Step 6. Create a Decision Tree
At last we can insert our
Decision Tree operator (you can search for it in the operator search text box, or select it directly under the operator selection dropdown in 'Modelling - Predictive - Trees - Decision Tree'). Add this to your Process panel, and join it up to your data by connecting the output of the last operator we used ('
Set Role') to the '
tra' (training) input port. For now, leave Decision Tree's parameters as is - once you've created a decision tree, you can look at modifying advanced parameters like 'pruning' and 'maximal depth' to fine-tune to the model, balancing simplicity with accuracy. Don't forget to connect the output from Decision Tree to the results connector so you can see the results - you must always do this with any model, and it's common error for newcomers to RapidMiner to forget this step, wondering why they don't see anything when they run their models!
Step 7. Run the Process
Click 'Run', and if you've set up your operators correctly, you should see the results in a view (tab) called '
Tree (decision tree)'. You should see that first line predictor attribute is '
sex'. With a Decision Tree, RapidMiner attempts to list its predictor variables in 'most influential' to 'least influential' order. What do we find from the Decision Tree image? A quick overview suggests females were more likely than males to survive the Titanic's sinking. As you go a level further down, you should see '
pclass' ie. cabin class as the next most signficant predictor of survival - yes, the movie was right: first class passengers seemed to have a higher probability of surviving than those down in steerage.

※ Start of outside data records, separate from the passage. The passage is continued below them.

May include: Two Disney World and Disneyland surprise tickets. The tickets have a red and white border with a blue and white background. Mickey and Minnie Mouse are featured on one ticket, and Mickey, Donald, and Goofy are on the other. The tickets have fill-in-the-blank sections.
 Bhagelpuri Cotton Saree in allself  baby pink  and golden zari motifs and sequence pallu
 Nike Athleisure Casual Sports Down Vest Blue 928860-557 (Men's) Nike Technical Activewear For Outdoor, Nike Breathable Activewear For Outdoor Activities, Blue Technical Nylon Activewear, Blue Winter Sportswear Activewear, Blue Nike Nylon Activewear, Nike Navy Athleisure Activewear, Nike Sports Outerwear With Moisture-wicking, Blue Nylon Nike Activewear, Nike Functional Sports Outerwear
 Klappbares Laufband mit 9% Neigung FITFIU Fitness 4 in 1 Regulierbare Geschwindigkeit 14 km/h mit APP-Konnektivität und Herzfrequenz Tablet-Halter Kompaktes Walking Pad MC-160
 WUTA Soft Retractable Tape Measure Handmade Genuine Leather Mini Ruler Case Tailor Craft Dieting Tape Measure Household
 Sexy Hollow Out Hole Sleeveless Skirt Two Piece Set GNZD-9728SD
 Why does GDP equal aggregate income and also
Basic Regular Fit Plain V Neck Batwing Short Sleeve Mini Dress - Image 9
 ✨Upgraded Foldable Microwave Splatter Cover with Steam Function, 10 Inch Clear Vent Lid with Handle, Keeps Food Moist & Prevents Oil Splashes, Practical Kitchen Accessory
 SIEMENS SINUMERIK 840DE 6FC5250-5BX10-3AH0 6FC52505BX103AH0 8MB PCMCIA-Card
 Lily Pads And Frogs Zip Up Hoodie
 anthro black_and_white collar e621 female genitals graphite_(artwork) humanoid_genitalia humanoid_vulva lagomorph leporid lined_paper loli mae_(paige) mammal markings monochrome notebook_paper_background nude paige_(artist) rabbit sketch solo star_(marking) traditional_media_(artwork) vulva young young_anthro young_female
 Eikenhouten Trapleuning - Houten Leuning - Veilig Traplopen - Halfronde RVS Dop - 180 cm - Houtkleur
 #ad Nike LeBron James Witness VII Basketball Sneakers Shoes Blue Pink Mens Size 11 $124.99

Let's talk about cross-correlation and overfitting briefly, because there's a great example of this issue in practice with this dataset. Intuitively, it makes sense that to a large extent '
fare' is a proxy for '
pclass' (cabin class) - expensive fares are more likely to be for first class, while the cheapest fares are more likely to be associated with the cheaper cabins. Without going into detail, here's a great example of how to avoid overfitting: ideally, you want your model to have only the attributes that do not 'cross-correlate' - as far as possible. Given '
fare' and '
pclass' can be expected to cross-correlate, it would be a bad idea to include both attributes in your model. Simplistically, you could describe the situation where you included both in your model as 'these two attributes 'predict' each other well' - but, you know that this really tells us nothing (in fact, it would detract from the model's usefuleness and give you or others a false sense of the model's reliability). The take-out message is: avoid including multiple attributes that are near proxies for each other - pick one or the other, whichever you're most interested in, or whichever you think would be most useful for prediction using your model. This example illustrates the concept of overfitting where you can mistakenly get a model that appears to fit the data well, but in fact tells you nothing you didn't already know. Note that there are formal statistical tests for cross-correlation, but you can go a long way to simplify your models and avoid overfitting by just using common sense: in informal terms don't include multiple attributes that mean roughly the same thing.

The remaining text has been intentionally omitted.